Dear Representative:

We commend Congress for considering legislation to create a nationwide electronic health information sharing system that has the potential to improve safety and quality of health care, while reducing wasteful spending. However, we are gravely concerned that Congress is rushing to pass legislation that does not provide adequate privacy protections for the personal and sensitive information of patients who use their health insurance to help pay for mental health and substance abuse treatment.  

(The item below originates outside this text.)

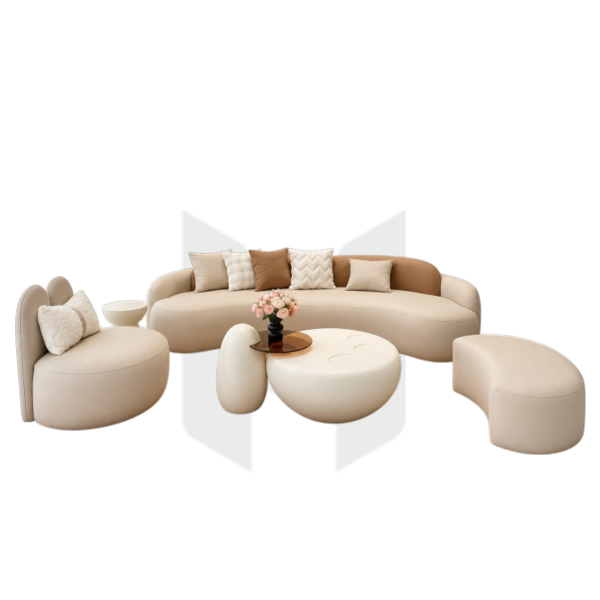 Bộ Sofa Băng Cong Phong Cách Ý Hiện Đại MHBSF015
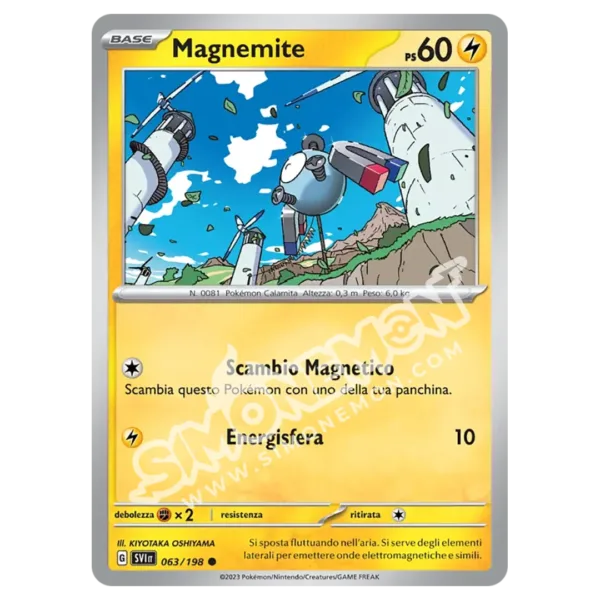 Magnemite 063/198 Scarlatto e Violetto Reverse (IT)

American’s are worried about healthcare privacy. According to a recent Gallop poll 78 percent of Americans believe it is important to keep medical records confidential and 69 percent of adults surveyed by Harris Interactive in February of this year do not believe sufficient data security will be installed in new health IT legislation. According to the Electronic Privacy Information Center, 36 percent of women surveyed declined a DNA Breast Cancer Test because of fear that the information would be shared.  

Suffice to say, Americans suffering from psychological problems, family problems and problems with alcohol and drugs have an even greater likelihood of not seeking needed treatment. Privacy in mental health and substance abuse treatment records is vital. The knowledge that the intimate disclosures made during psychotherapy, family therapy, or counseling sessions could find their way into public access is not overstated. The epidemic of financial database breaches last year that left tens of thousands of consumers vulnerable to identity theft is proof that poor information security measures cost consumers.

The U.S. Department of Health and Human Services eliminated patients’ rights to control access to their medical records in a 2002 amendment to the privacy law, which permitted over 800,000 health-related businesses and government agencies to access personal health information without patient knowledge or permission. The amendment allows health care providers to share patient records with employers, drug and insurance companies, marketing firms, credit reporting agencies, accounts, banks, lawyers, and others without permission, and for business and other uses, unrelated to healthcare treatment or paying claims. HIPAA now grants access to private corporations, individuals and government agencies without patient consent.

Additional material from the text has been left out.